Experts, investors and others have urged the Federal Government to end the prolonged era of foreign exchange, high prices and instability in Nigeria's Liquefied Petroleum Gas, LPG sector.
The President, Nigeria LPG Association, Mr. Nuhu Yakubu, said the association had been engaging with relevant agencies, with a view to addressing the issues.
Speaking at the just-concluded 11th International Conference and Exhibition in Lagos, he said: "As an association, we are currently engaging with respective government agencies in addressing issues around LPG supply, particularly access to foreign exchange, value-added tax, levies, etc. We believe our efforts will yield positive results in good time.
"Also, it is not far-fetched to state, therefore, that sustaining the growing adoption of LPG through sector-friendly policies and programmes will advertently support economic growth that will yield jobs and wealth creation. It is our collective responsibility to make this happen and an event such as this is one aimed at setting the pace.
"In line with the 7th Sustainable Development Goals, SDGs, deepening education on the role of diverse applicable uses of LPG is critical as the world aims to provide cleaner, reliable, sustainable and affordable energy sources for everyone by 2030.
"Worthy of mention is the declaration of the Decade of Gas, by the Minister of State for Petroleum Resources, Chief Timipre Sylva with the support of the President and Commander in Chief, Retired Gen. Muhammadu Buhari, GCON, who ably doubles as Honorable Minister of Petroleum Resources.
"The LPG sector is projected as an industry with this executive posturing to galvanize the entire LPG value chain to drive an upsurge adoption of LPG in spurring growth and improving the wellbeing of households across Nigeria."
Also, in the communiqué obtained by Vanguard at the end of the event, the experts noted that the nation had very huge gas reserves of over 200 trillion standard cubic feet, but noted that the current business environment had not been friendly.
Specifically, the communique stated: "That the Petroleum Industry Act, PIA, should be implemented in a manner that will encourage massive domestic and foreign investments, required to stimulate sustainable growth while creating many multiplier effects, including jobs for Nigerians.
"That such new investments are required to reduce Nigeria's current dependence on imported LPG as well as meet rising future demand based on increased population.
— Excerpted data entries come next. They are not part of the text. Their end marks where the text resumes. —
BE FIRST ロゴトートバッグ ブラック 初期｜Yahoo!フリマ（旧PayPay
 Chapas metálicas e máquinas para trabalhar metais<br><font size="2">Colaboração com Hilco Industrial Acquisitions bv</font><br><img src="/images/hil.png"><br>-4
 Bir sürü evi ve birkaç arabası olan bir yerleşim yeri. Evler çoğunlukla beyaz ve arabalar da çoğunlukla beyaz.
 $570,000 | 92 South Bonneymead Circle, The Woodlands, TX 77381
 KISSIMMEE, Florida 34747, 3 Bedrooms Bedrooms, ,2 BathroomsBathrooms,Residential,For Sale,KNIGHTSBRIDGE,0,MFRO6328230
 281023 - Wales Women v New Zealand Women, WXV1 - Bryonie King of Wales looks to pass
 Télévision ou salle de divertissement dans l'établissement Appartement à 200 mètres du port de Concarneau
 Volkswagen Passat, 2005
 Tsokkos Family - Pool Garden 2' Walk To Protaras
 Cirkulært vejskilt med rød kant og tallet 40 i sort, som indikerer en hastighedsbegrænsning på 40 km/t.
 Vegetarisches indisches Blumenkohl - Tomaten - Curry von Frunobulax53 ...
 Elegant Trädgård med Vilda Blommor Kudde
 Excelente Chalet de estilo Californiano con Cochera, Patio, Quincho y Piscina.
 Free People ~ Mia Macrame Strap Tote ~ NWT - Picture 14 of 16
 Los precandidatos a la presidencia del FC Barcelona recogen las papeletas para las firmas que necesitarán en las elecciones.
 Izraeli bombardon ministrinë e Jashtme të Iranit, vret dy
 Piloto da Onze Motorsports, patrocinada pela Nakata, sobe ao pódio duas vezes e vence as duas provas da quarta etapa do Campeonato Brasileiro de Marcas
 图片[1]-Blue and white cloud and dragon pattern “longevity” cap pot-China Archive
That the government should be consistent in the conceptualization and implementation of policies needed to ensure stability in the LPG sector.
"That relevant stakeholders need to be involved and carried along in the process of taking new decisions to ensure successful implementation. That the imposition of the Value Added Tax, VAT, has negatively affected the sector in many unintended ways and should be eliminated.
"That the high prices of LPG have shifted the demand to firewood and charcoal, thus fuelling desertification and erosion with a very negative impact on the environment. That a package of new incentives should be introduced to stimulate investment, processing and utilization of LPG in Nigeria in line with the nation's Decade of Gas agenda.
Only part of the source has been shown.